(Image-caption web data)

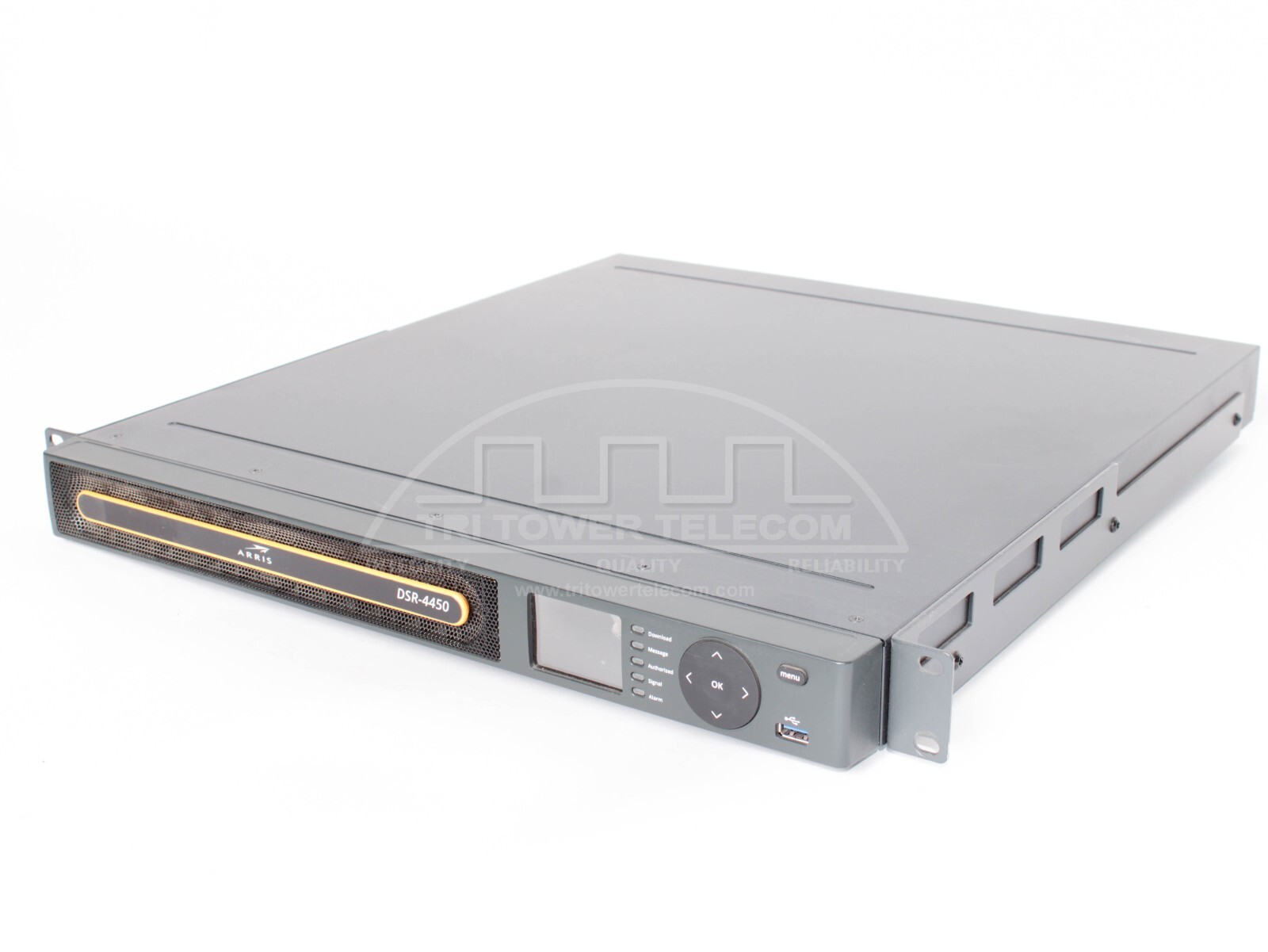 612320-001-00, ARRIS DSR-4450 HECV, MPEG-4 and MPEG-2 Commercial integrated rece
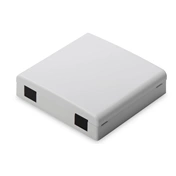 DIGITUS DN-931087 2x SC simplex 2x LC duplex optikai FTTH üres fali aljzat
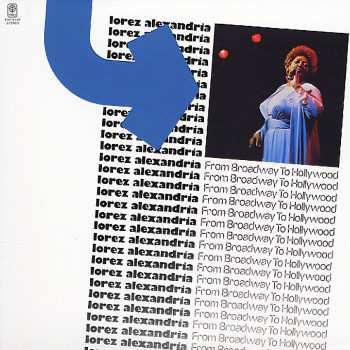 CD Lorez Alexandria: From Broadway To Hollywood LTD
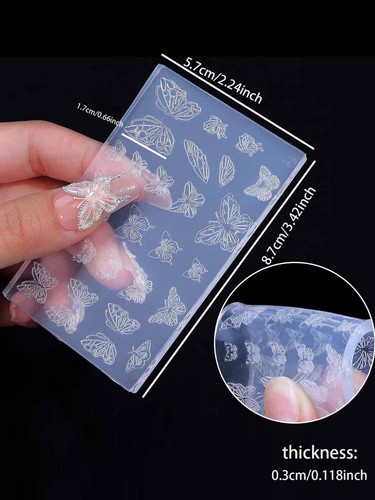 Sweater line nail - line,
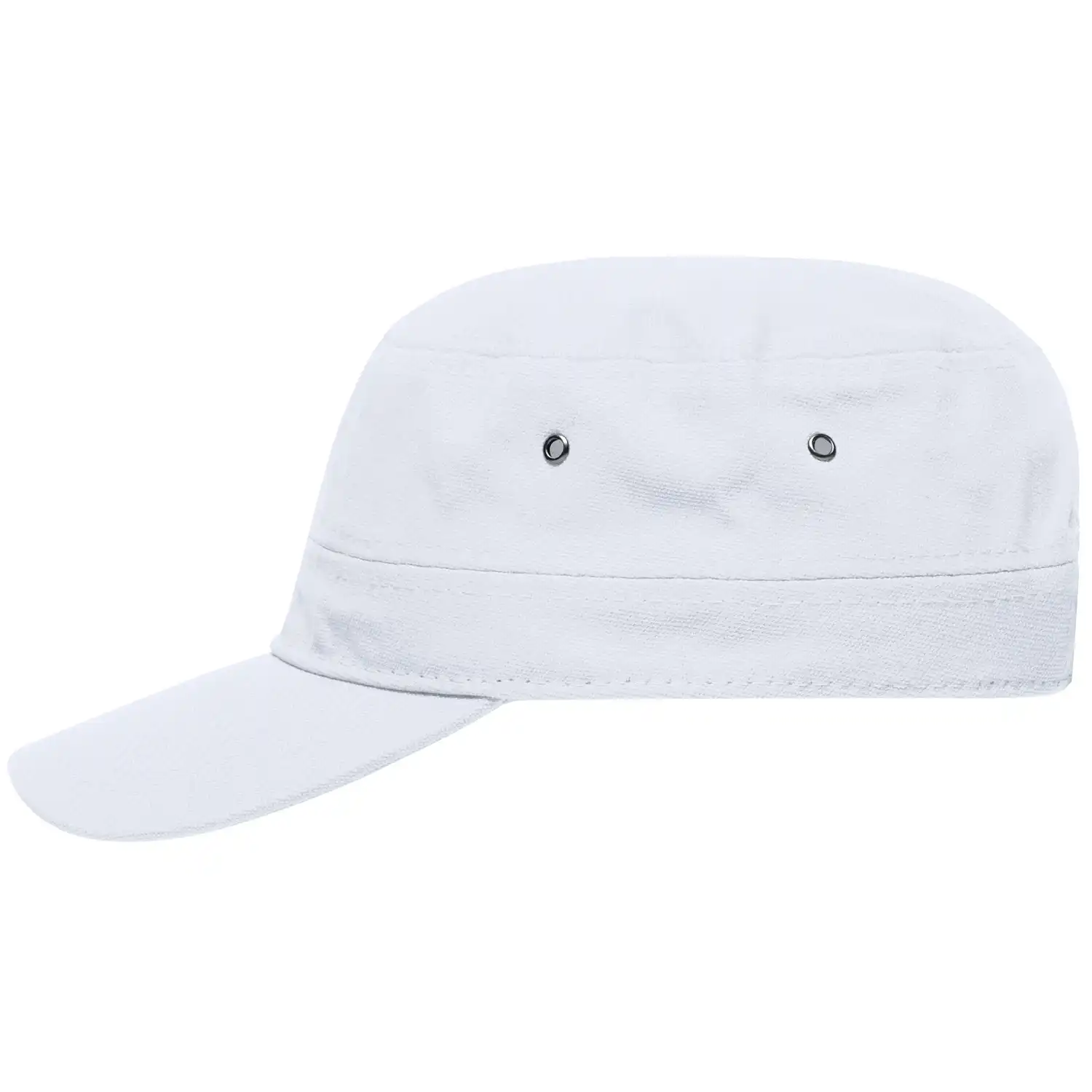 Basecap "MB095" Military-Cap in Weiß - Bild 1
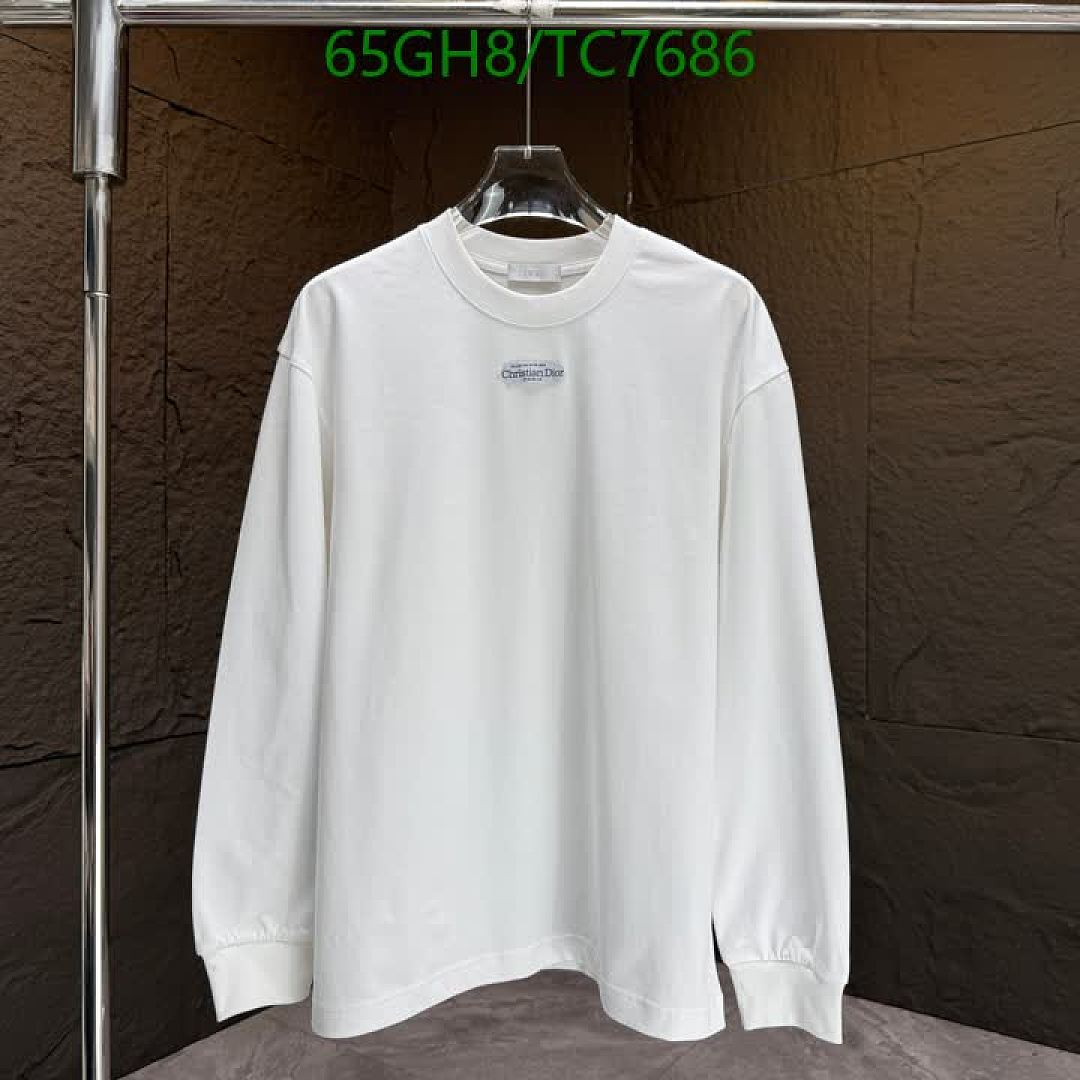Dior-Clothing Code: TC7686 $: 65USD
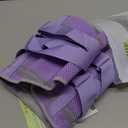 Back Brace for Lower Back Pain Women with 9X Support System, Ergonomic Lumbar Support for Pain Relief, Breathable Mesh Design with 3D Silicone Pad for Sciatica,Purple Size XL (Waist: 39.4"-47.6")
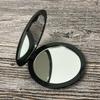 DIY Mini Round Portable Hand Mirror Folding Hand Mirror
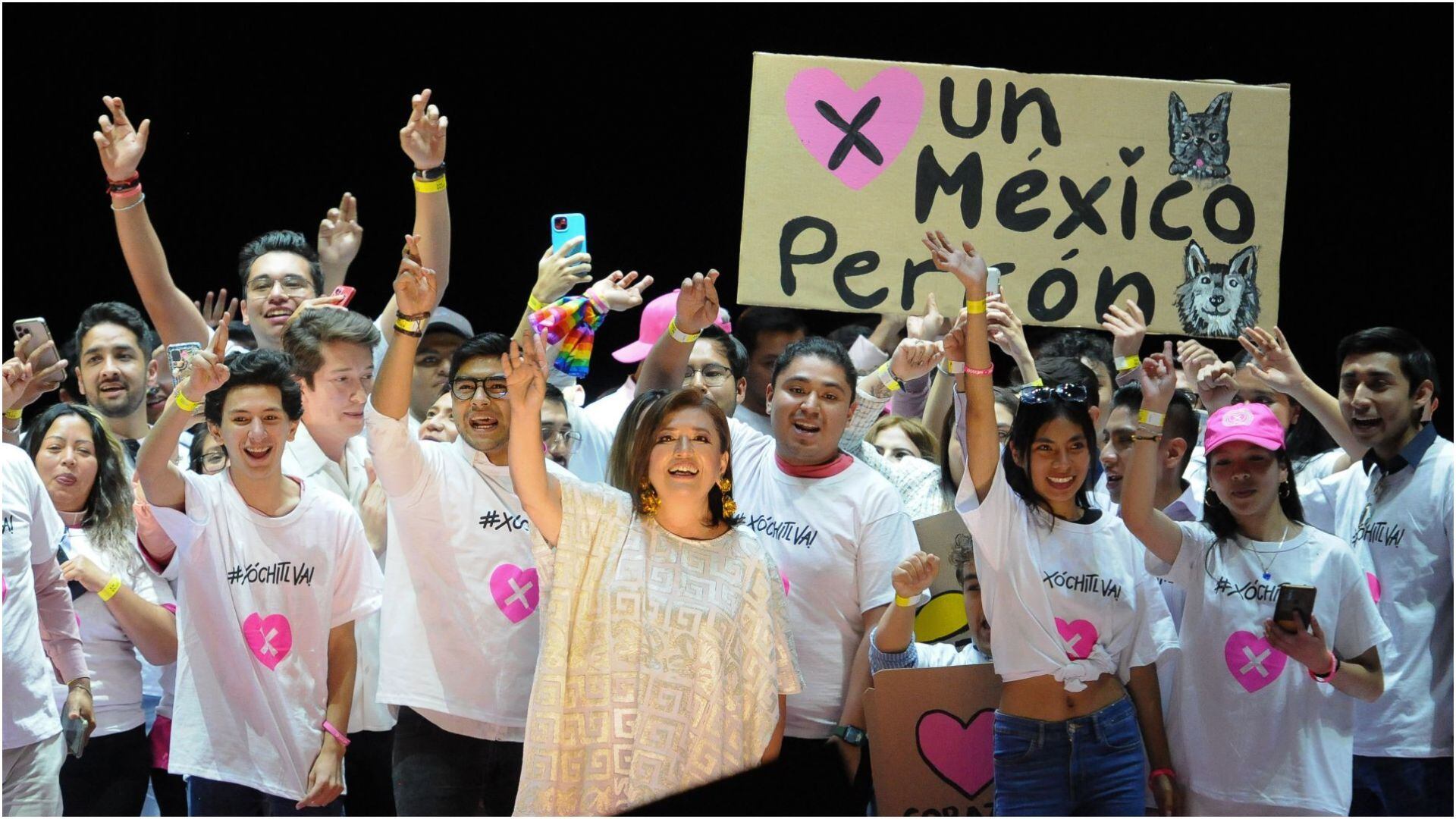 Xóchitl Gálvez-Elecciones 2024-México-14 de enero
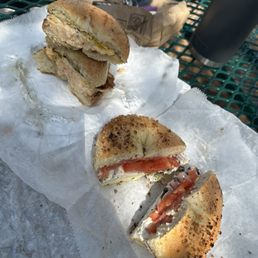 #2 on the left and premium lox on the left #2 on the left and premium lox on the left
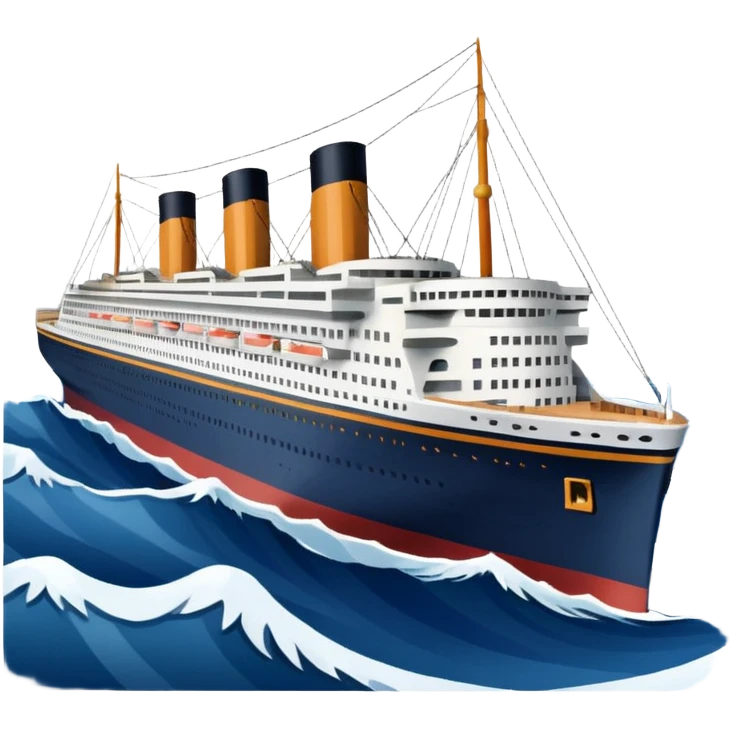 Titanic emoji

◆ **How to complete this task**: Print each entry exactly, leaving pictures out.

◆ **Solved problem**:
 612320-001-00, ARRIS DSR-4450 HECV, MPEG-4 and MPEG-2 Commercial integrated rece
 DIGITUS DN-931087 2x SC simplex 2x LC duplex optikai FTTH üres fali aljzat
 CD Lorez Alexandria: From Broadway To Hollywood LTD
 Sweater line nail - line,
 Basecap "MB095" Military-Cap in Weiß - Bild 1
Dior-Clothing Code: TC7686 $: 65USD
 Back Brace for Lower Back Pain Women with 9X Support System, Ergonomic Lumbar Support for Pain Relief, Breathable Mesh Design with 3D Silicone Pad for Sciatica,Purple Size XL (Waist: 39.4"-47.6")
 DIY Mini Round Portable Hand Mirror Folding Hand Mirror
 Xóchitl Gálvez-Elecciones 2024-México-14 de enero
 #2 on the left and premium lox on the left #2 on the left and premium lox on the left
 Titanic emoji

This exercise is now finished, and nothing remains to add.